The foreign investment was a welcome sign for county leaders, who have looked to biotechnology as a source of new employment and economic growth.
“Chinese money is going to be flowing in,” said Montgomery County Council member Roger Berliner (D-District 1), who was involved in negotiations with the company.
He said Montgomery was competing with another Maryland jurisdiction to keep the firm in Gaithersburg, though he declined to name the jurisdiction.
Viela “could one day be a $1 billion company and we definitely wanted to keep it here,” he said.
Montgomery’s biotechnology industry has been eager to celebrate a win. There is a local leadership gap after the Maryland Technology Council, a common convening point for the regional business community, disbanded and merged with another trade association last year.
It has been a rocky road for some of the state’s standout firms.
Rockville-based vaccine maker Novavax turned heads in 2015 when it attracted an $89 million Gates Foundation grant to develop a drug to immunize newborns against a harmful flu variant, but faltered the next year when it received disappointing results in a key test of a separate drug. The firm had to lay off a large chunk of its workforce as a result.
Novavax’s experience is not unique among smaller biotech firms, whose fortunes can swing wildly in response to test results and decisions made by panels of experts at the FDA.
Successful trial results can lock investors into years of steady profits in a market where competition is limited. Disappointing results can divert a company’s plans by years or doom it entirely.
MedImmune has been somewhat insulated from those fears because it is owned by AstraZeneca, the U.K.-based pharmaceuticals giant that made just over $22 billion last year.
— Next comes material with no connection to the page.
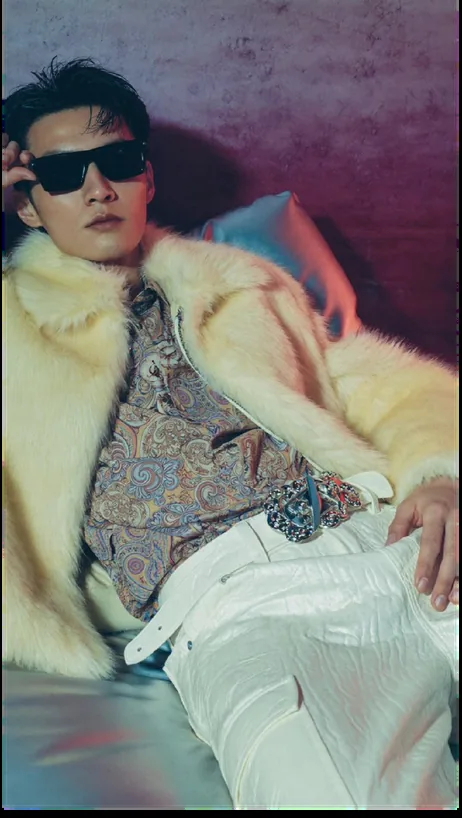 Portrait of a man in a fur coat. Experimental perspective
Now, the new company’s leaders will effectively be striking out on their own; testing their fates under a new ownership group. MedImmune will still wield significant control over company decisions by virtue of its position as the largest minority shareholder. But adding private equity to the mix could affect future strategic decisions.
Yao, the Viela chief, said his team closely vetted its investment partners ahead of the deal.
“We have been very picky,” Yao said. “We had the strict criteria that investors need to be committed to the long term.”